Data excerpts
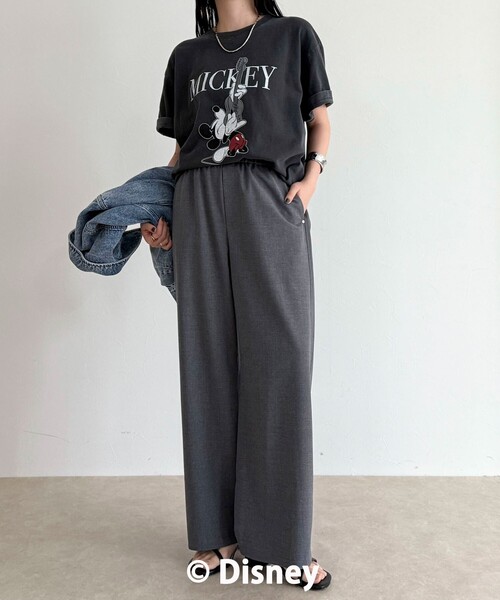 fredy emue（フレディエミュ）の「【GOOD ROCK SPEED】MICKEY半袖Ｔシャツ 1（Tシャツ/カットソー・レディース・チャコールグレー・38）」の2枚目の写真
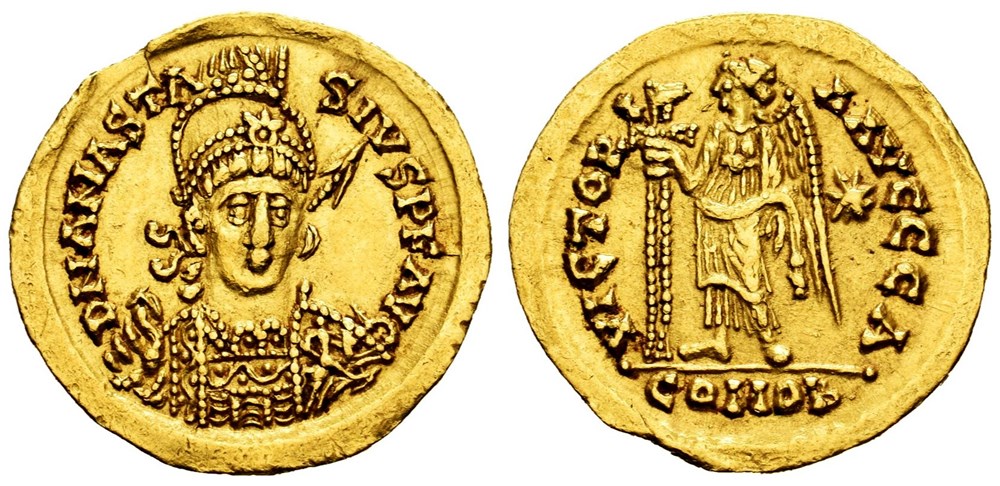 Theoderic (Anastasius) munzen barbarische konigreiche bis theoderic anastasius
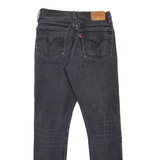LEVI'S 501S Jeans Womens Black Skinny Straight W26 L30
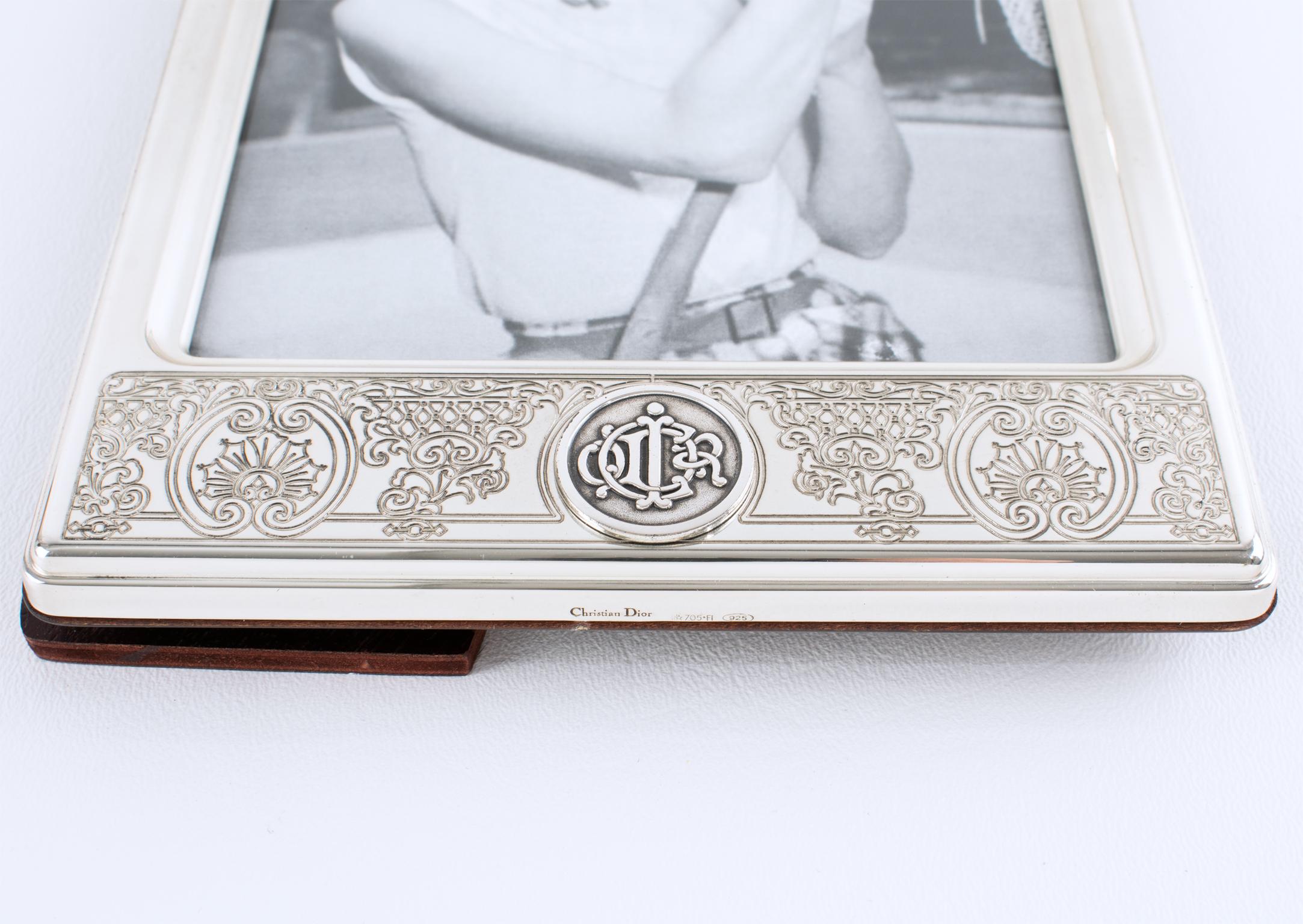 Christian Dior Carved Sterling Silver Picture Frame, circa 1980 For Sale 5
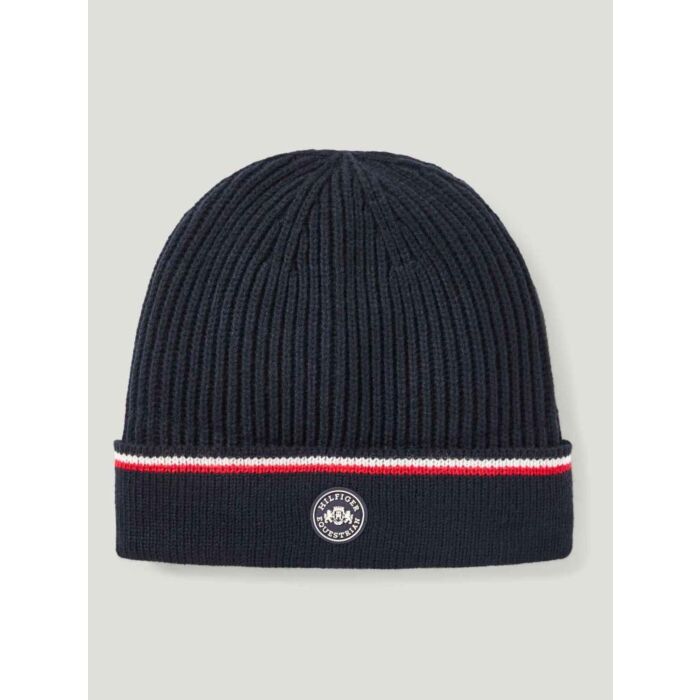 Mütze Tommy Hilfiger Kent Knit Beanie Desert Sky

Activity ▸
Give back every record exactly. Omit the pictures.

Answer below ▸
 fredy emue（フレディエミュ）の「【GOOD ROCK SPEED】MICKEY半袖Ｔシャツ 1（Tシャツ/カットソー・レディース・チャコールグレー・38）」の2枚目の写真
 Theoderic (Anastasius) munzen barbarische konigreiche bis theoderic anastasius
LEVI'S 501S Jeans Womens Black Skinny Straight W26 L30
 Christian Dior Carved Sterling Silver Picture Frame, circa 1980 For Sale 5
 Mütze Tommy Hilfiger Kent Knit Beanie Desert Sky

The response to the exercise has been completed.